Embedding medical journeys with machine learning to improve member health at Aetna

BI, Reporting & Business Use Cases

Jai Bansal

Senior Manager, Data Science at Aetna

This talk describes an internal data product called Member Embeddings that facilitates modeling of member medical journeys with machine learning.

Medical claims are the key data source we use to understand health journeys at Aetna. Claims are the data artifacts that result from our members' interactions with the healthcare system. Claims contain data like the amount the provider billed, the place of service, and provider specialty. The primary medical information in a claim is represented in codes that indicate the diagnoses, procedures, or drugs for which a member was billed.
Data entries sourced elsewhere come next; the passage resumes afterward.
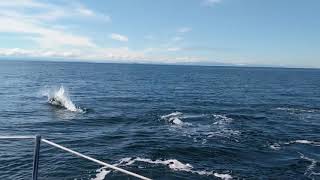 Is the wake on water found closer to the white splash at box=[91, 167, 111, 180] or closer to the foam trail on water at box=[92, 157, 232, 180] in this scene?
the foam trail on water at box=[92, 157, 232, 180]

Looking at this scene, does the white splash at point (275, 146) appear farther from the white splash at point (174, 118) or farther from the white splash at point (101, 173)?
the white splash at point (101, 173)

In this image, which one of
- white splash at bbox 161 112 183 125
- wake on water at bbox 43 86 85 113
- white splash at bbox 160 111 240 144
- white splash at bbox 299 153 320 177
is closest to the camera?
white splash at bbox 299 153 320 177

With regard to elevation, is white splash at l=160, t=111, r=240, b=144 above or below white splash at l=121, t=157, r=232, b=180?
above

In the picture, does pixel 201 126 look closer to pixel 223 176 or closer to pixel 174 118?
pixel 174 118

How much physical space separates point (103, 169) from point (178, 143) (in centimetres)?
1028

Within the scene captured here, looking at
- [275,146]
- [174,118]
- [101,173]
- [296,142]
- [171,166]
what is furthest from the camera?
[174,118]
These codes give us a semi-structured view into the medical reason for each claim and so contain rich information about members' health journeys. However, since the codes themselves are categorical and high-dimensional (>10K cardinality), it's challenging to extract insight or predictive power directly from the raw codes on a claim.

To transform claim codes into a more useful format for machine learning, we turned to the concept of embeddings. Word embeddings are widely used in natural language processing to provide numeric vector representations of individual words.

We use a similar approach with our claims data. We treat each claim code as a word or token and use embedding algorithms to learn lower-dimensional vector representations that preserve the original high-dimensional semantic meaning.

This process converts the categorical features into dense numeric representations. In our case, we use sequences of anonymized member claim diagnosis, procedure, and drug codes as training data. We tested a variety of algorithms to learn embeddings for each type of claim code.

We found that the trained embeddings showed relationships between codes that were reasonable from the point of view of subject matter experts. In addition, using the embeddings to predict future healthcare-related events outperformed other basic features, making this tool an easy way to improve predictive model performance and save data scientist time.